By Klaus Knopper
Cloop is a kernel block device module used in Live CDs such as Knoppix. The cloop module allows the system to read compressed data, usually from a file, thus creating compressed virtual disks. Using cloop, a Linux installation of about 2GB fits on a single 700MB CD-R disc. In this article, I look at how cloop works and provide some insight into general kernel structures of a block device.
A Unix system traditionally distinguishes between character-based and block-based devices. If you look into the output of ls -l /dev, you will easily recognize these devices by the prefix - c for character-based and b for block-based devices - at the beginning of the output line (see Listing 1).
Listing 1: Character and Block Device Nodes |
01 crw-rw---- 1 root root 10, 1 2007-10-18 10:41 /dev/psaux 02 brw-rw---- 1 root disk 3, 0 2007-10-18 10:41 /dev/hda 03 brw-rw---- 1 root disk 240, 0 2007-11-01 21:38 /dev/cloop |
Character-based devices, such as tape drives, mice, and gamepads, provide sequential, character-by-character access to data.
Block devices instead allow direct access to arbitrary blocks of data, indexed by block number or sector (segments of 512 bytes), and they are usually used for random access storage like ramdisks, CD-ROMs, floppy disks, hard disks, and hard disk partitions.
Filesystems are a logical representation of ordered data that is often present on a block device.

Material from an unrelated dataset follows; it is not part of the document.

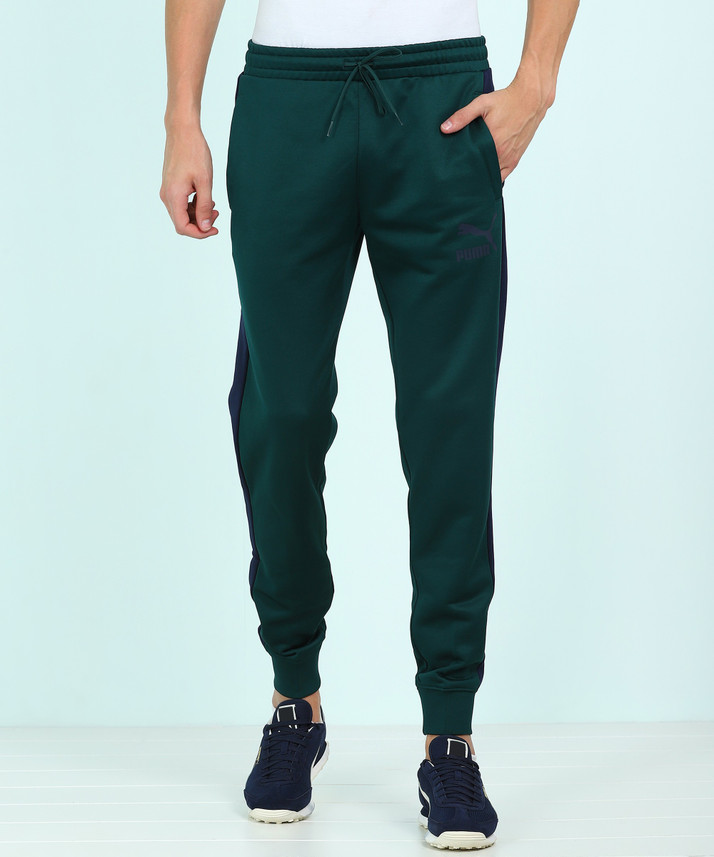 puma green track pants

A filesystem turns raw data into the familiar directory/file view. The mount command is the bridge between a block device partition and its projection into a mount point directory.
One block device included in any Linux kernel is loop, which maps a plain file to a block device node in /dev/loop[number]. The loop-attached file can then be mounted like an ordinary hard disk, optionally with encryption. However, this driver still only provides a translation between different data representations of the same size.

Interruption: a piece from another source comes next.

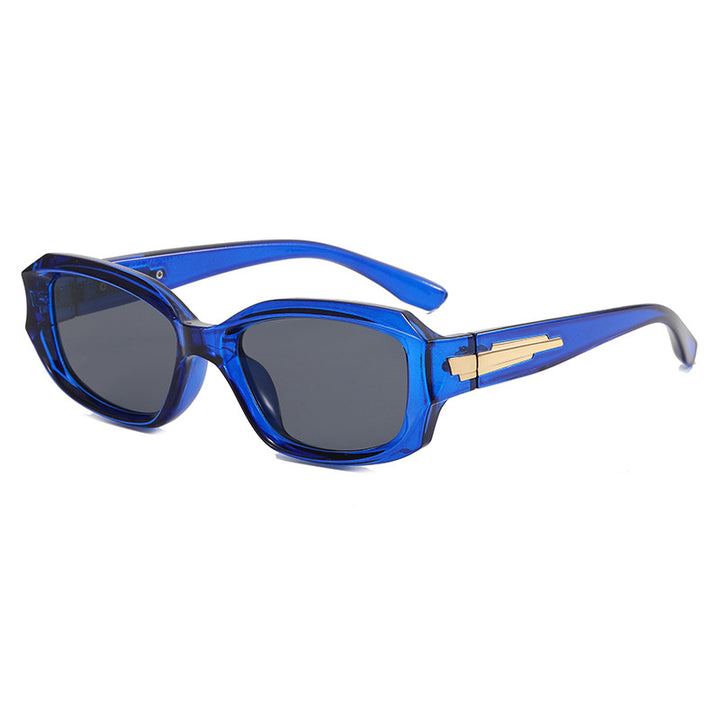 Dame moteriktig oversized solbrille med unik ramme Skanto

Cloop, which was first written in 1999 for kernel 2.2 by iptables author Paul `Rusty' Russell, uses a blockwise compressed input file that reduces the necessary space to around 1/3 of the original size for executable files. I ported, and later rewrote, cloop for newer kernel versions, extending the module to support 64-bit file access (thus allowing file sizes beyond 4GB), multiple input files, and ioctl extensions to permit the exchange of input files on-the-fly.
Since cloop is a block device and not a filesystem like squashfs, the compressed image can be anything, from raw data to arbitrary filesystem or database structures. On a Live CD, the cloop image usually contains an iso9660 file system, which is the most popular read-only and read-optimized filesystem used for data CDs. Cloop supports all filesystem features necessary for a Unix system through the standard RockRidge extension (long file names, permissions, symlinks, etc.).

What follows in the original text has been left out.